The rallying cry of protest is the charge of racism, and while I agree that deeply embedded institutional racism is an important consideration as I attempt to understand what is presently going on around me, especially in my city, I don’t think racism is the chief cause of it. Policing has become an industry in my country. It operates with the logic of industry, demanding and using resources and materials opportunistically without regard for morality or the stewardship of life in our cities or on our planet. Ethnic minorities, the disabled, the mentally challenged or ill—these are targets of convenience. Those of us who live in the safe enclaves reserved to the privileged classes do not see them by and large, and thus they can serve as a constant source of human fuel for our corrupt municipal courts and the prison industrial complex.

I do not claim that industrial growth is the conscious end and goal of present day policing; though I do claim that industrial growth has become its real end, masked as a guilty secret behind the myth of public service. And thus police manhandling of protestors and journalists is coming more and more to seem a violent response to the possibility of public exposure of the real end of policing and (perhaps more to the point) organized resistance to the possibility of citizen regulation. At long last we shall be establishing a police review board in the city of St. Louis. But the new board is a sham and a mere adjunct of police power as presently constituted. It seems yet another design to give police political cover, like Governor Nixon’s Ferguson commission and our newly constituted presidential Task Force on 21st Century Policing, headed by a police chief whose appointment is problematic to say the least.

I don’t have much hope, and I don’t know where to look for hope these days. I think my country is as uneasy an occupied place today as it was in the time of my childhood and youth. Perhaps this is an argument for prayer. I’ve skipped church this morning in order to finish this polemic, but I will go to my parish home, which has now served as a bunker in my city’s war with its own police, at 5:00 today, and perhaps find some comfort in the antique language of common petition.

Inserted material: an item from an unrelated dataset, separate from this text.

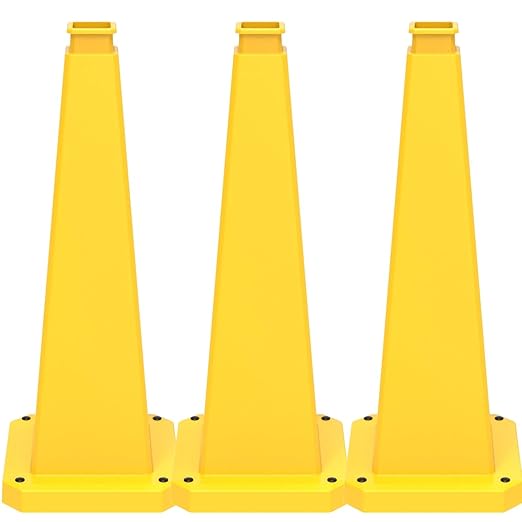 BESEA 3 Pack 28" Bright Yellow Traffic Safety Cones with Weighted Base, High-Visibility Parking Cones for Driveways, Business Parking Lots, Garages, Indoor/Outdoor Use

Advent: a time of great change?

One of my students two weeks ago remarked that we are living in a time of great change. I didn’t disagree because I never do that with students, but I am thinking today that a time of great change may already be past, a trajectory such as that Richard Rorty describes in “Trotsky and the Wild Orchids,” one “defined by the Bill of Rights, the Reconstruction Amendments, the building of the land-grant colleges, female suffrage, the New Deal, Brown v. Board of Education, the building of the community colleges, Lyndon Johnson’s civil rights legislation, the feminist movement, and the gay rights movement.” Rorty was more optimistic in 1992 than I am now. He didn’t live to see the neofascism of the anti-Obama movement, though he could have predicted it. “The future of American politics may be just a series of increasingly blatant and increasingly successful variations on the Willie Horton spots.”

Following Dr. King. It may be that the arc of history bent towards justice for a stretch of time in the last century, but if so it has now snapped back with a vengeance as far as I can see. That a seeming preponderance of good people, many of them liberal and some of them African American, can not merely countenance but embrace the official dehumanization of Michael Brown as recorded in the proceedings of the recently closed St. Louis County grand jury hearing, that these same good people can accept the outcome of that hearing as a triumph of the rule of law, that my country at large, including my young President, can not only accept but defend our contemporary surveillance state with its increasingly oppressive policing whose excesses fall primarily upon ethnic minorities, the disadvantaged and disabled, and the mentally ill—none of these circumstances gives me hope for my country’s future.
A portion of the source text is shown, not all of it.